[Records drawn from a dataset]
»»

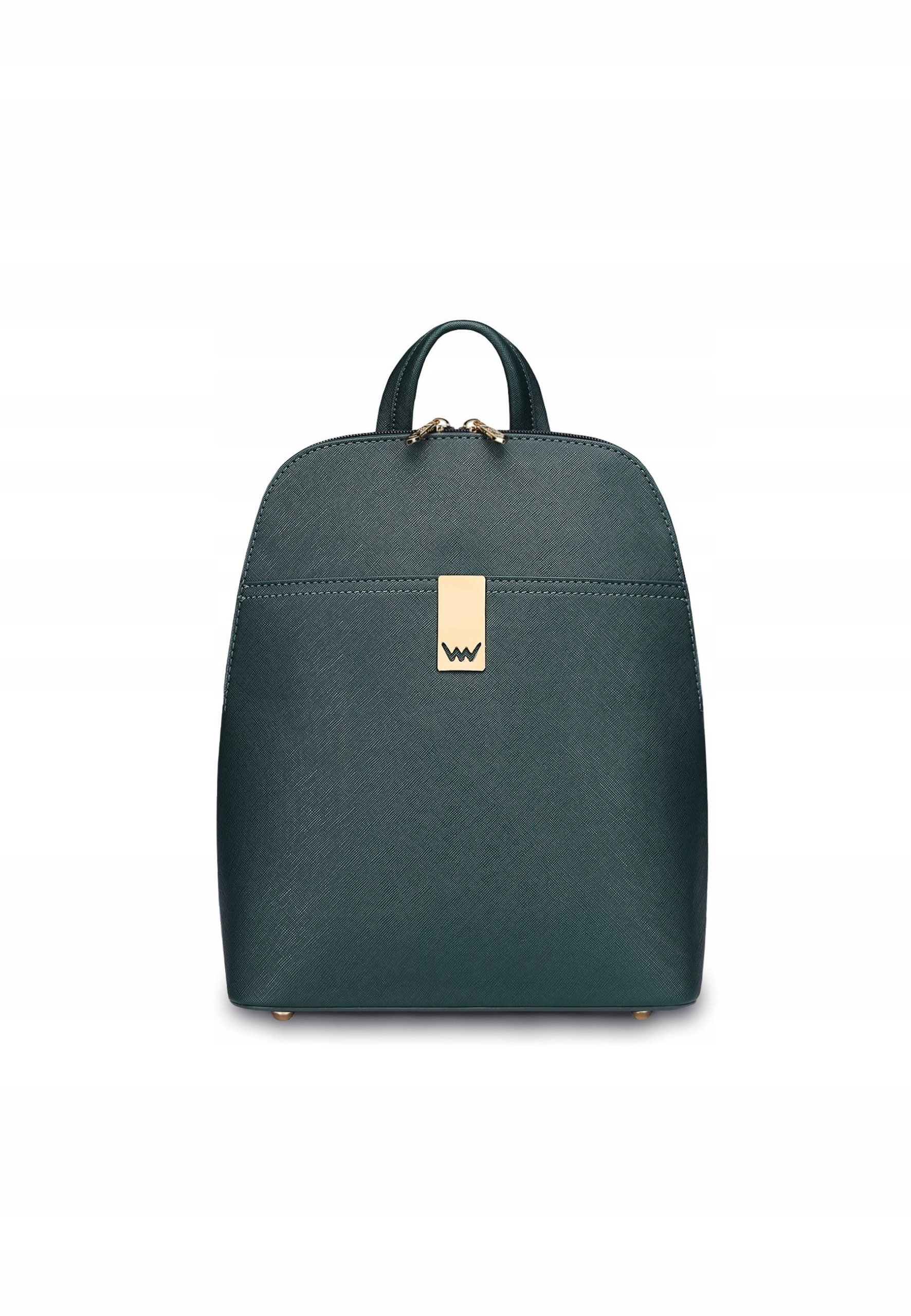 Městský batoh Vuch Filipa zelený elegantní 7 l koženkový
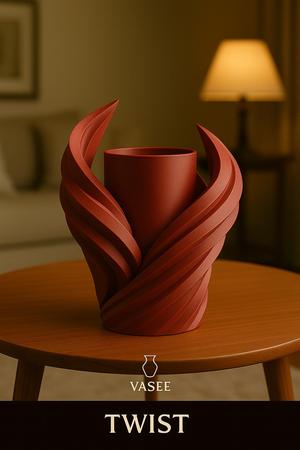 Vase Art – wave organizer pot with flowing motion
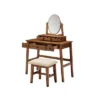 Lorna Vanity Set Walnut - Linon 1 Lorna Vanity Set Walnut - Linon -Linon GUEST aafddae8 0464 4069 aa39 5b8a8527622f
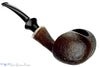 Blue Room Briars is proud to present this Russ Cook (2015 Make) Bent Sandblast Blowfish with Stone Estate Pipe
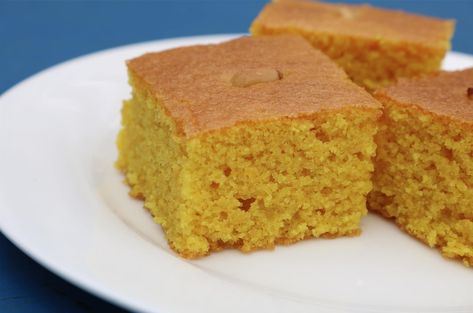 Sfouf (Lebanese Turmeric Cake) by Zaatar and Zaytoun Lebanese Desserts, حلويات عربية, Syrian Food, Semolina Cake, Arabic Sweets, Lebanese Recipes, Cream Desserts, Lentil Recipes, Perfect Cake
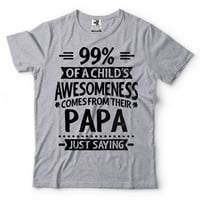 Muška papa majica Papa majica Dan otac Papa Thirt Papa pokloni smiješna izreka majica Nova papa majica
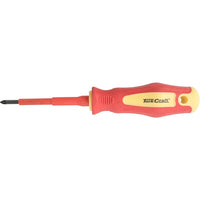Insulated Pozidrive Screwdriver #1 x 80mm VDE Rated, Electrical Safe Tool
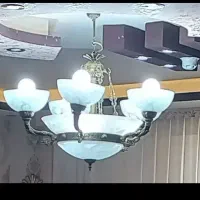 با سلام ۴ عدد لوستر طلایی در حد وخیلی زیبا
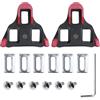Generic Tacchette per scarpe da bicicletta, 2 pedali per bicicletta bloccabili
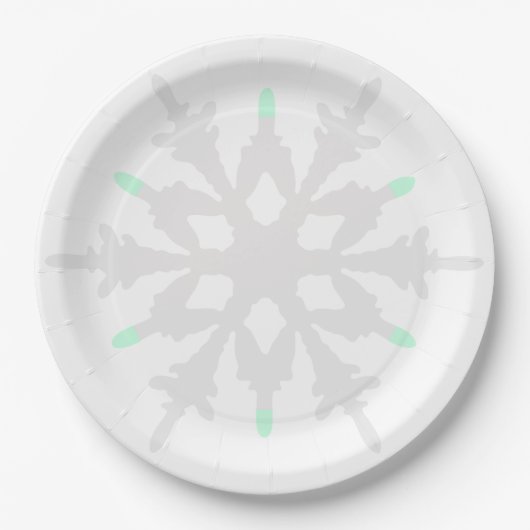 Green Glow Flake Plate Pappteller (Vorderseite)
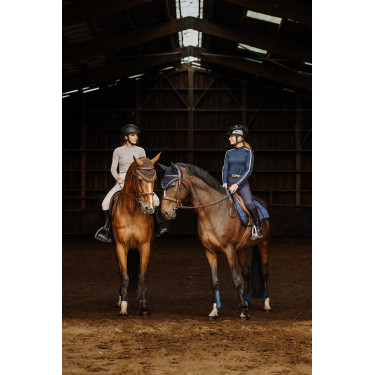 T-shirt Equithème Originals Mélodie  Cinzento-acastanhado Castanho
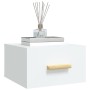 Mesita de noche de pared blanco 35x35x20 cm de vidaXL, Mesitas de noche - Ref: Foro24-812834, Precio: 32,38 €, Descuento: %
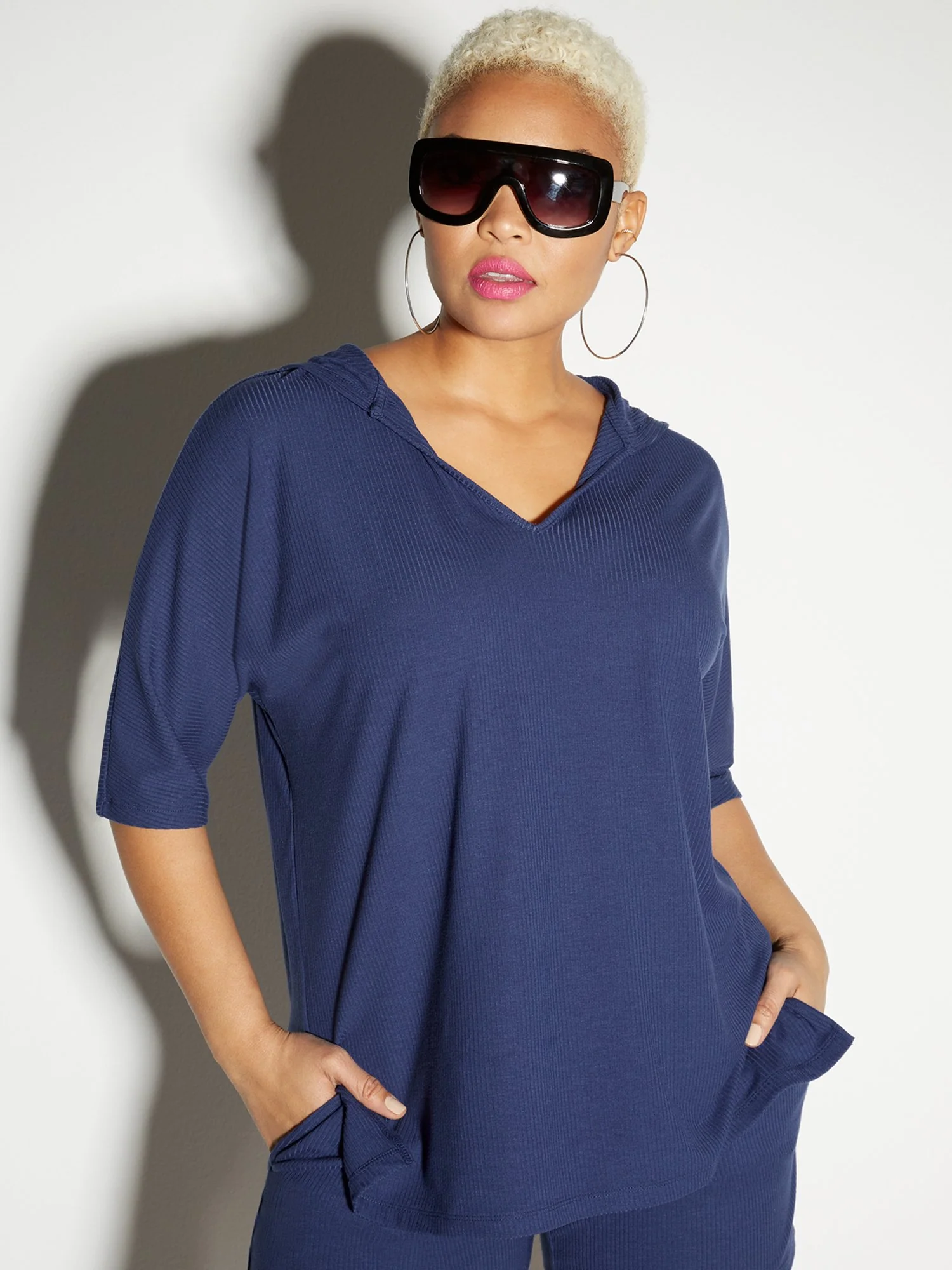 Ribbed Dolman Hoodie - Everyday Collection - Image 9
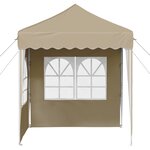 vidaXL Tente de fête pop-up 195 x 195 x 245 cm Crème Tissu Oxford
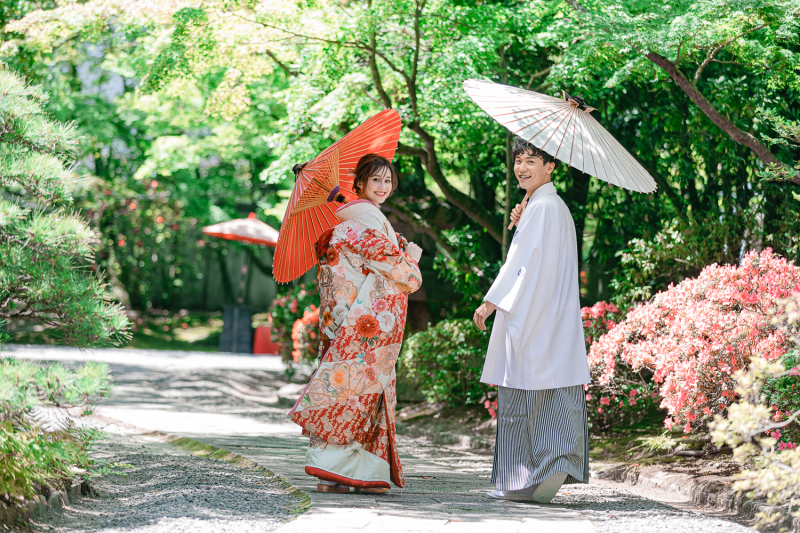 今だけ３万OFF！【友泉亭】和装フォトプラン（衣裳1着）新婦ヘアメイク＋着付＋衣裳小物＋髪飾り＋全データ150カット納品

««

▸ **WORK TO BE COMPLETED**: Copy every entry word for word, but omit the pictures.

▸ **PROBLEM SOLUTION**:
 Městský batoh Vuch Filipa zelený elegantní 7 l koženkový
 Vase Art – wave organizer pot with flowing motion
 Lorna Vanity Set Walnut - Linon 1 Lorna Vanity Set Walnut - Linon -Linon GUEST aafddae8 0464 4069 aa39 5b8a8527622f
 Blue Room Briars is proud to present this Russ Cook (2015 Make) Bent Sandblast Blowfish with Stone Estate Pipe
 Sfouf (Lebanese Turmeric Cake) by Zaatar and Zaytoun Lebanese Desserts, حلويات عربية, Syrian Food, Semolina Cake, Arabic Sweets, Lebanese Recipes, Cream Desserts, Lentil Recipes, Perfect Cake
 Muška papa majica Papa majica Dan otac Papa Thirt Papa pokloni smiješna izreka majica Nova papa majica
Insulated Pozidrive Screwdriver #1 x 80mm VDE Rated, Electrical Safe Tool
 با سلام ۴ عدد لوستر طلایی در حد وخیلی زیبا
Generic Tacchette per scarpe da bicicletta, 2 pedali per bicicletta bloccabili
 Green Glow Flake Plate Pappteller (Vorderseite)
 T-shirt Equithème Originals Mélodie  Cinzento-acastanhado Castanho
 Mesita de noche de pared blanco 35x35x20 cm de vidaXL, Mesitas de noche - Ref: Foro24-812834, Precio: 32,38 €, Descuento: %
 Ribbed Dolman Hoodie - Everyday Collection - Image 9
 vidaXL Tente de fête pop-up 195 x 195 x 245 cm Crème Tissu Oxford
 今だけ３万OFF！【友泉亭】和装フォトプラン（衣裳1着）新婦ヘアメイク＋着付＋衣裳小物＋髪飾り＋全データ150カット納品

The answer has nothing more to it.